**What you will do**
Among the lines of the listing below, retype exactly those from the one containing "Nipplo riduttore filettato" through the one containing "MIUCO Blackout Curtains", both included. Do not include pictures.

**Extracted entries**
....................

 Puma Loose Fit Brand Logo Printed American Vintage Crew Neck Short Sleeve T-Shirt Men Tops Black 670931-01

....................

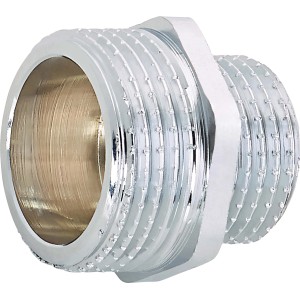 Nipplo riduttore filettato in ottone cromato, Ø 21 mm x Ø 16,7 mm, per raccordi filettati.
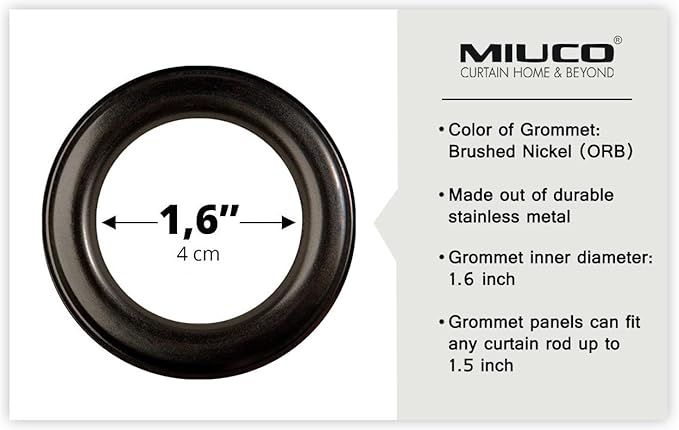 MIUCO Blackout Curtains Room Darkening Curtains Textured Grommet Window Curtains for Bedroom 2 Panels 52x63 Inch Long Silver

....................

**Response**
 Nipplo riduttore filettato in ottone cromato, Ø 21 mm x Ø 16,7 mm, per raccordi filettati.
 MIUCO Blackout Curtains Room Darkening Curtains Textured Grommet Window Curtains for Bedroom 2 Panels 52x63 Inch Long Silver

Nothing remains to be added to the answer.